→ Required work
Return the data verbatim, without pictures.

(Beginning of Exercise material)

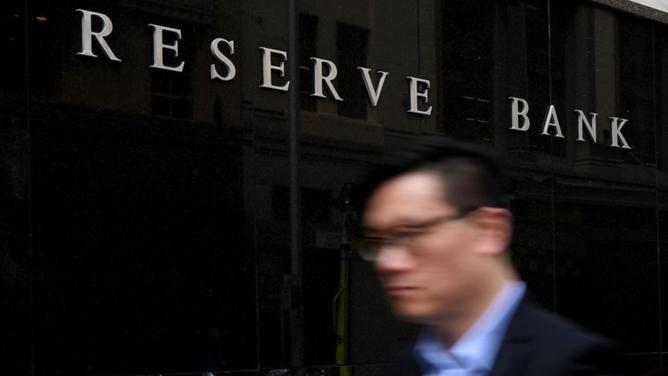 The Reserve Bank has paused interest rate rises for the second time in 14 meetings. (Dan Himbrechts/AAP PHOTOS)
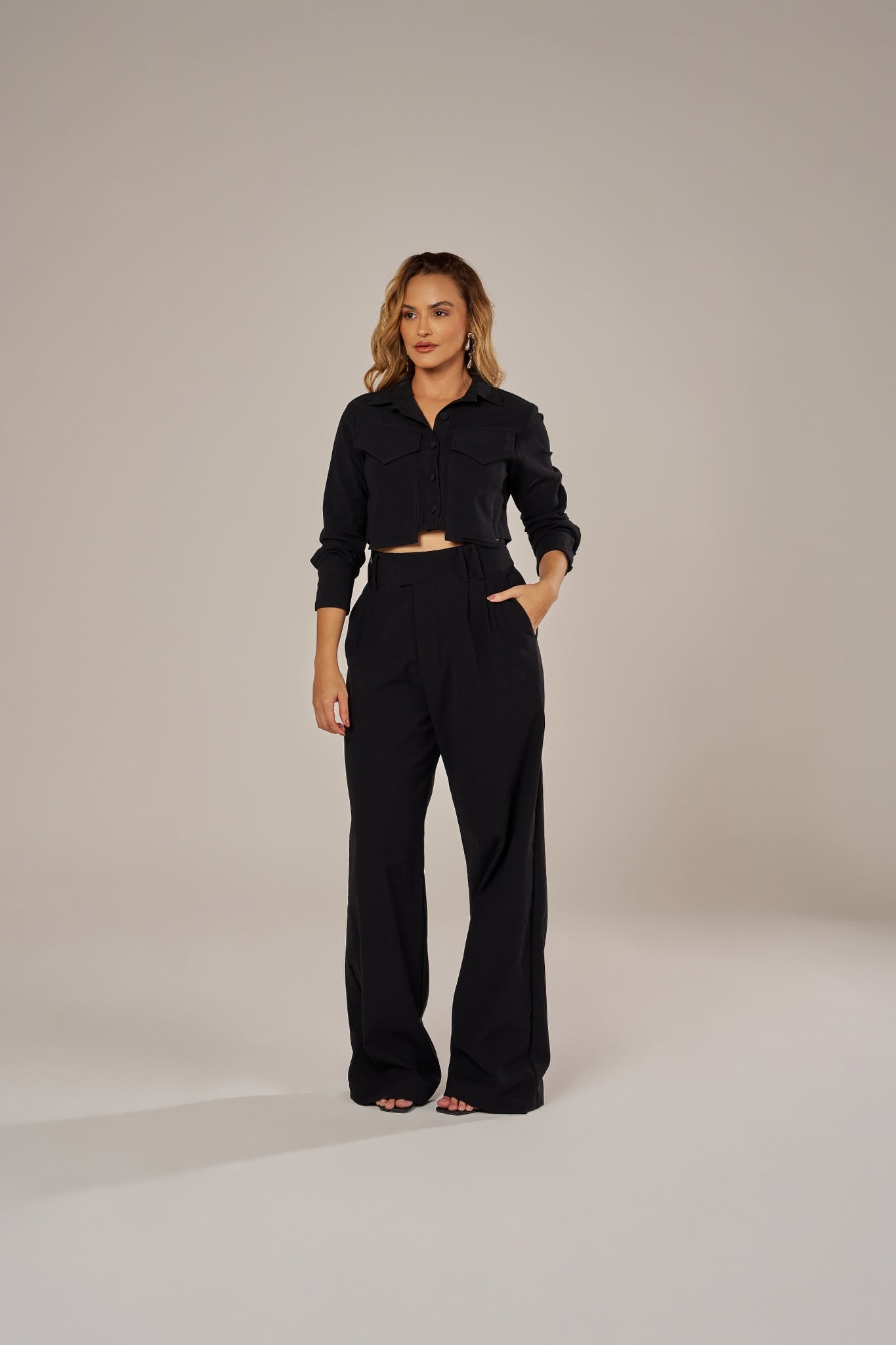 CAMISA CROPPED MAXI BOLSOS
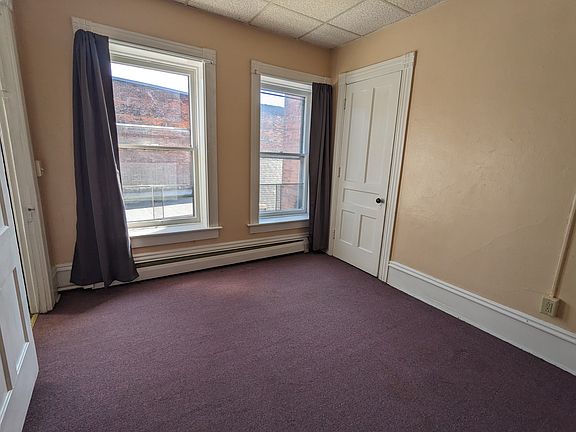 5th image of 211 N Main St #9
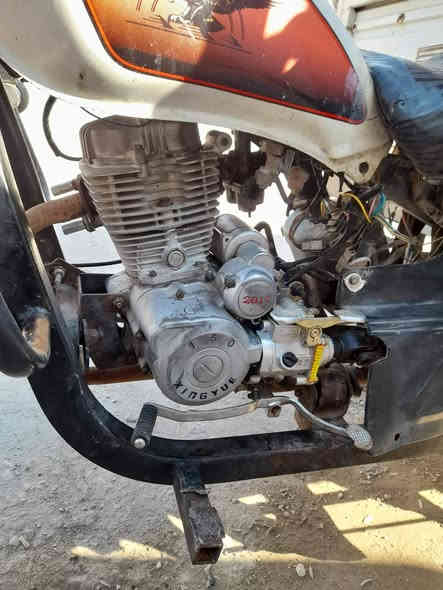 سلام عليكم ستوته ام الطير موديل 17 ستوته محرك ركبه اورق كفاله شرط نكطت الحيم ماكو. تخم تاير جديد سلف وهندر كهربايت شخله تفاصيل خاص او تصال *********** السعر 900 وبيهه مجال مكاني ديالئ بلدروز
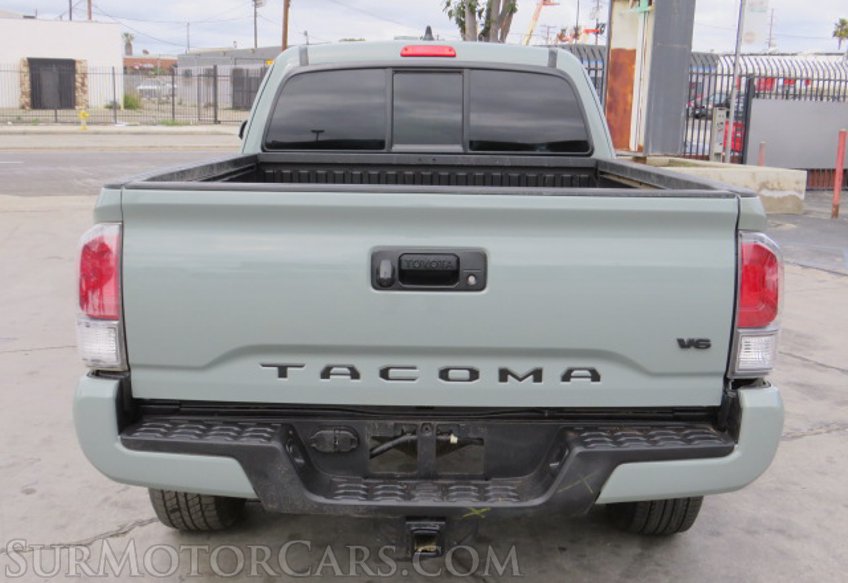 2022 Toyota Tacoma - Image 12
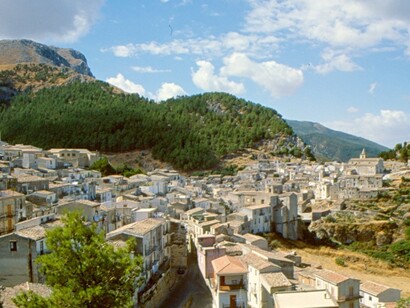 Il turismo lento valorizza il rispetto del territorio e promuove un modo sostenibile di viaggiare. Gratteri, Palermo, Italia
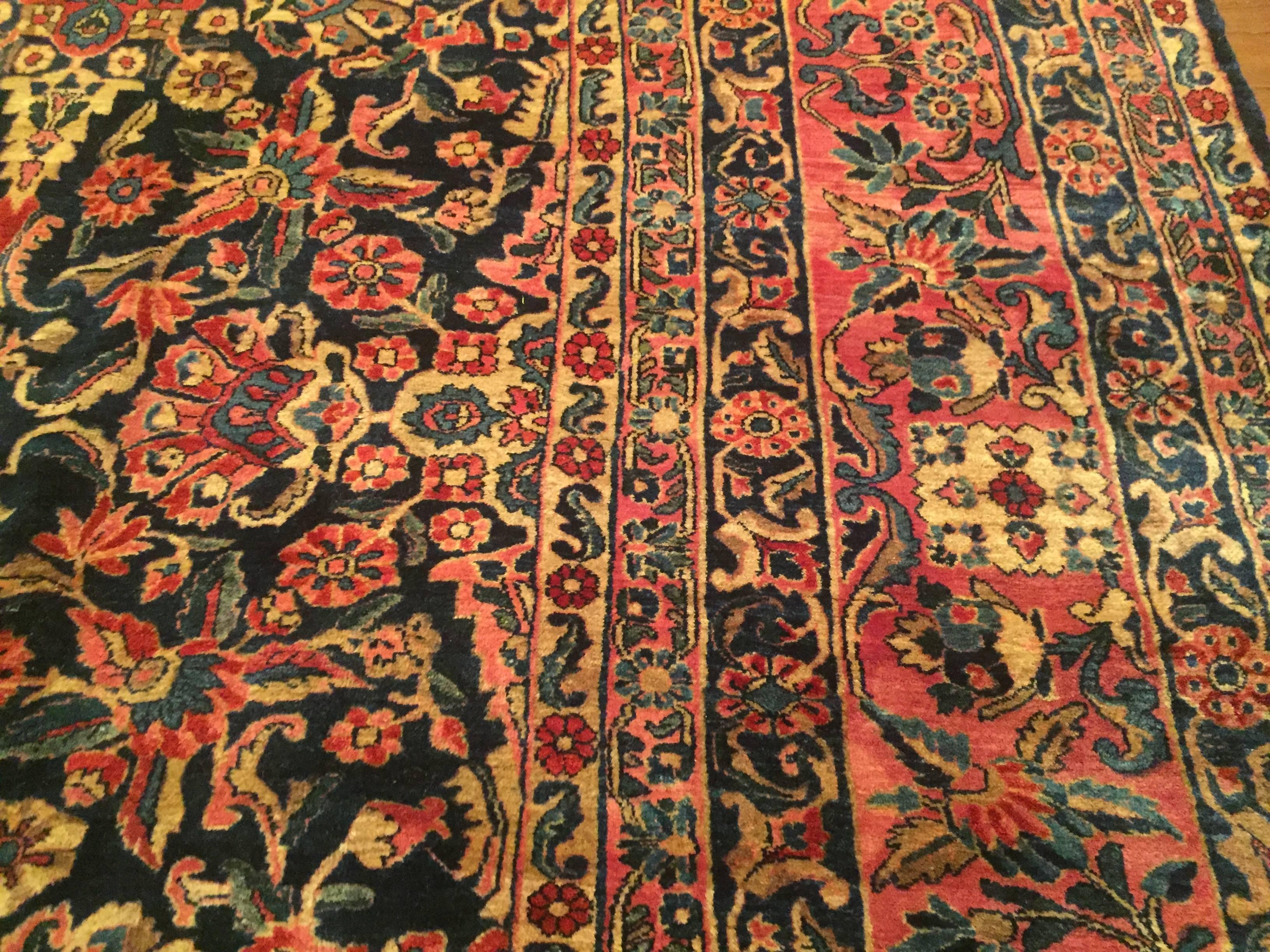 Early 20th Century Antique Persian Sarouk Rug In Good Condition For Sale In Louisville, KY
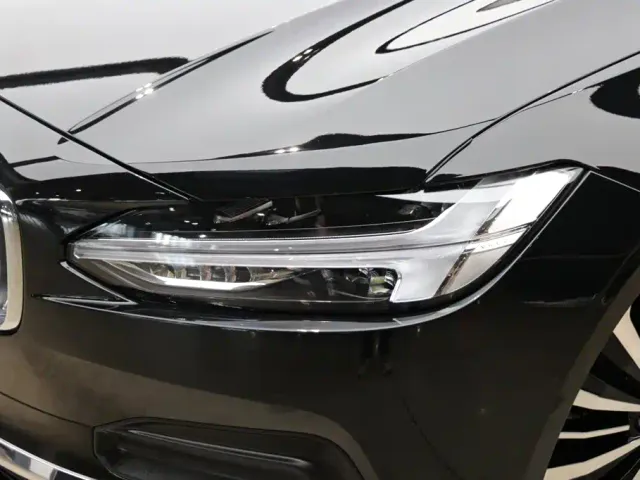 Volvo S90 — Фото автомобиля 25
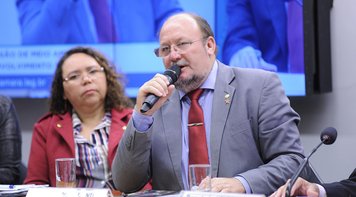 Quase mil emendas propõem mudanças na reforma trabalhista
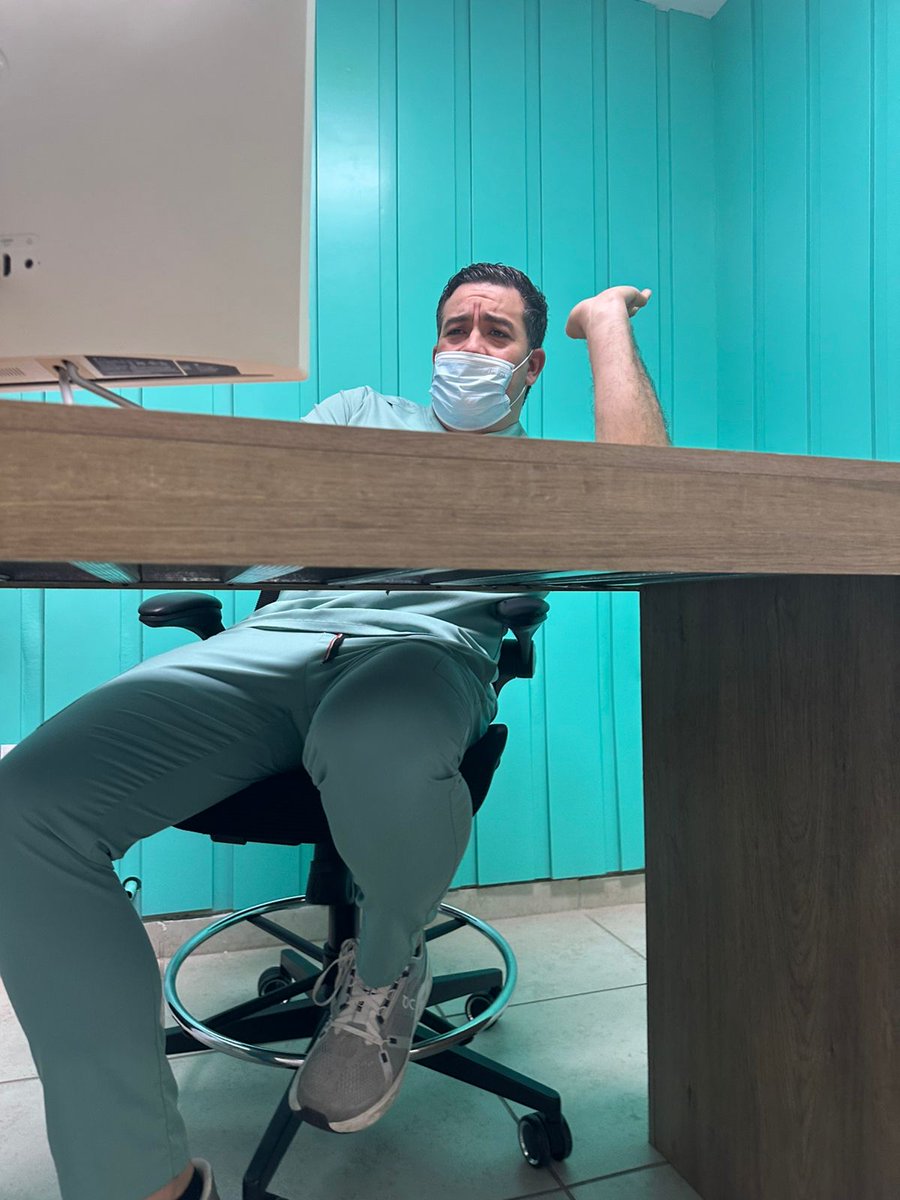 Ch1c0sD3L4C4ll3's tweet photo. Hoy que es el dia del médico, déjeme darle su abrazo Dr. #ChicoTrabajando #GuyAtWork #ChicoDLCalle #StreetGuy #RealGuy #Paparazzi #Corresponsal desde #CDObregon #Sonora #México 1/2 https://t.co/JPUCsxmF9e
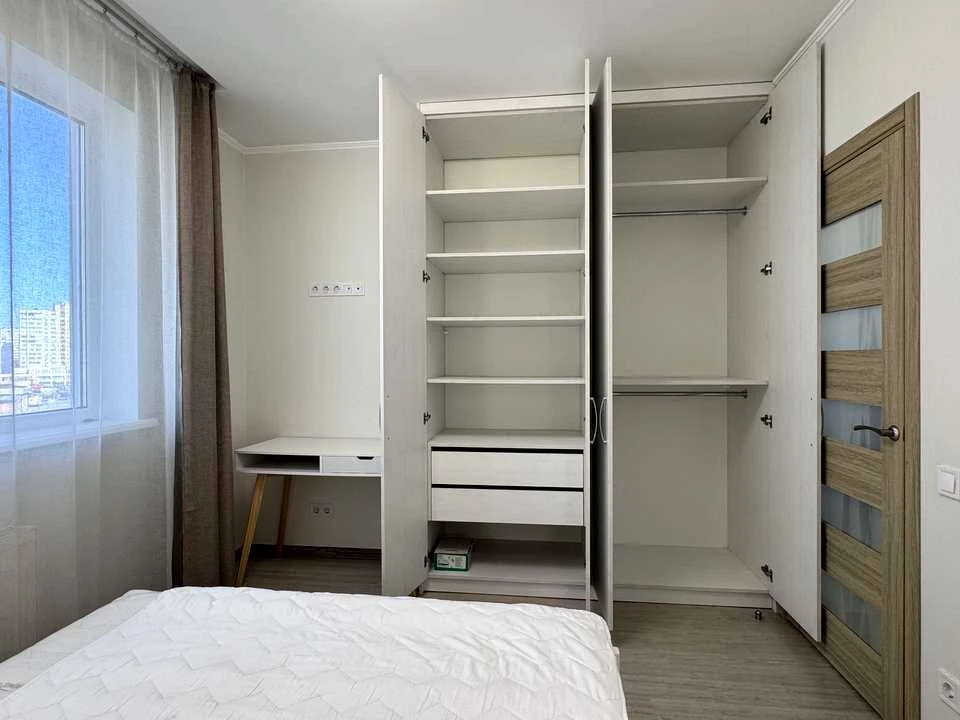 Apartment. Revutsky St, Kyiv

(End of Exercise material)

→ Task output
 The Reserve Bank has paused interest rate rises for the second time in 14 meetings. (Dan Himbrechts/AAP PHOTOS)
 CAMISA CROPPED MAXI BOLSOS
 5th image of 211 N Main St #9
 سلام عليكم ستوته ام الطير موديل 17 ستوته محرك ركبه اورق كفاله شرط نكطت الحيم ماكو. تخم تاير جديد سلف وهندر كهربايت شخله تفاصيل خاص او تصال *********** السعر 900 وبيهه مجال مكاني ديالئ بلدروز
 2022 Toyota Tacoma - Image 12
 Il turismo lento valorizza il rispetto del territorio e promuove un modo sostenibile di viaggiare. Gratteri, Palermo, Italia
 Early 20th Century Antique Persian Sarouk Rug In Good Condition For Sale In Louisville, KY
 Volvo S90 — Фото автомобиля 25
 Quase mil emendas propõem mudanças na reforma trabalhista
 Ch1c0sD3L4C4ll3's tweet photo. Hoy que es el dia del médico, déjeme darle su abrazo Dr. #ChicoTrabajando #GuyAtWork #ChicoDLCalle #StreetGuy #RealGuy #Paparazzi #Corresponsal desde #CDObregon #Sonora #México 1/2 https://t.co/JPUCsxmF9e
 Apartment. Revutsky St, Kyiv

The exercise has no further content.